A flexible fluorescent sensing strategy for the recognition and detection of bisphenol A (BPA) has been proposed based on molecularly imprinted polymers (MIPs)-coated gold nanoclusters (AuNCs), by taking advantages of the high selectivity of MIPs and the strong fluorescence property of AuNCs. SiO2@AuNCs were initially prepared by making use of the powerful amido bonds between carboxyl-terminated AuNCs and amino-functionalized SiO2 nanoparticles. Then MIPs-coated AuNCs were formed by anchoring MIP layer on the surface of SiO2@AuNCs via a sol–gel process. In the presence of imprinting template BPA, a Meisenheimer complex could be formed between BPA and the primary amino groups on the surface of the AuNCs, and the photoluminescent energy of AuNCs would be transferred to the complex, and thereby result in the fluorescence quenching of AuNCs.
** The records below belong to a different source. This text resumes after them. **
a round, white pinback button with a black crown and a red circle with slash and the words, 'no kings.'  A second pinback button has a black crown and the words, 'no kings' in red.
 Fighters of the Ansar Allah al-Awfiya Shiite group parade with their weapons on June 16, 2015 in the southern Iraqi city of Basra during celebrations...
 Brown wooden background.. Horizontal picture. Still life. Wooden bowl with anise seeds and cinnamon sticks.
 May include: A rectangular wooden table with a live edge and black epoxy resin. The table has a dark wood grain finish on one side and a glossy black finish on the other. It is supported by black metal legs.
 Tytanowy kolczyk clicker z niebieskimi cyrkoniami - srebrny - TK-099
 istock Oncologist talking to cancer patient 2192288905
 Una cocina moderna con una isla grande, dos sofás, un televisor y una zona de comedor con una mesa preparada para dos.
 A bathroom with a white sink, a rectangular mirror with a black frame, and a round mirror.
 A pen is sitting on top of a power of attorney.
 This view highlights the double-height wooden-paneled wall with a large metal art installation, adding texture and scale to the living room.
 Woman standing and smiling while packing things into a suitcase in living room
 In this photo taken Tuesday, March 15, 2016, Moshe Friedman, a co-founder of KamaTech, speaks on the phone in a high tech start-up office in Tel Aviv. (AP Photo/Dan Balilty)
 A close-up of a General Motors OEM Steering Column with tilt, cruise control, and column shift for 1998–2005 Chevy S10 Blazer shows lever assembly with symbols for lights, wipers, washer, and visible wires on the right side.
The fluorescence-quenching fractions of the sensor presented a satisfactory linearity with BPA concentrations over the range of 0–13.1μM and the detection limit could reach 0.10μM. Distinguished selectivity was also exhibited to BPA over other possibly competing molecules. Moreover, the sensor was successfully applied to determine BPA in seawater, and the average recoveries of BPA at three spiking levels ranged from 91.3 to 96.2% with relative standard deviations below 4.8%. This AuNCs-MIPs based sensor provided great potentials for recognition and determination of phenolic environmental estrogens in complicated samples.